The path down to the visitor center was not too friendly, with decrepit benches and weeds that hadn’t been trimmed in years.
Here is the entrance to the visitor center.
Arcosanti makes a significant portion of its revenue from the sale of bells, both clay bells and copper bells. Prices range from $50 up to many hundreds of dollars for the larger and more elaborate ones. There are many to choose from in the gallery on the main entry floor.
We signed up for a guided tour of the entire facility, where we saw the main buildings and learned about their use. Above is the “Apse” which is a half-dome that serves as the shop for where the clay bells are made.

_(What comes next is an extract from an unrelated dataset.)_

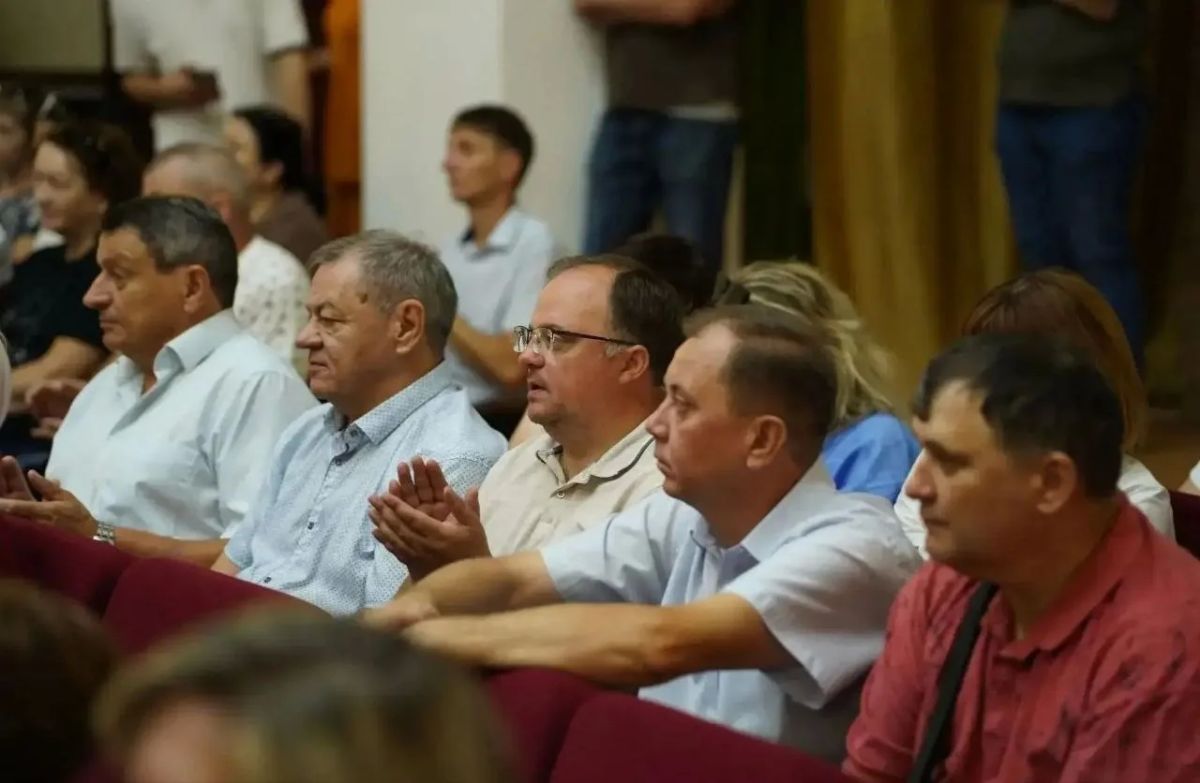 В рамках празднования Дня города Калачинска глава района Фридрих Мецлер вместе с Героем России, сенатором РФ Дмитрием Перминовым, депутатом ЗакСобрания Омской области от Единой России Светланой Энверовой и Михаилом Каракозом... В рамках празднования Дня города Калачинска глава района Фридрих Мецлер вместе с Героем России, сенатором РФ Дмитрием Перминовым, депутатом ЗакСобрания Омской области от Единой России Светланой Энверовой и Михаилом Каракозом...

Then there are the iconic arches, which is the feature that every visitor to Arcosanti will remember forever. These arches were there when I first visited, and they are still there now, and they look exactly the same, perhaps a bit more weathered and worn, but still carrying the “unfinished look” they had over 40 years ago.
Here is the amphitheater and some living quarters behind it.
Looking up, you can see the attachments for the canopy over the amphitheater that has never been completed.
More living quarters, and a greenhouse in the back.
Here is a view of the foundry, a domed building with offices and living quarters close by. The main central area is where the copper bells are poured in sand forms.
Our tour lasted about an hour and a half and ended in the cafeteria, a few levels below the gallery in the main visitor building.
Here is a view out the cafeteria window to the south.
Another view. The cafeteria also serves as a display area for artists to show and sell their pottery, jewelry, garments and many other objects.
The community attracts about 40,000 visitors every year.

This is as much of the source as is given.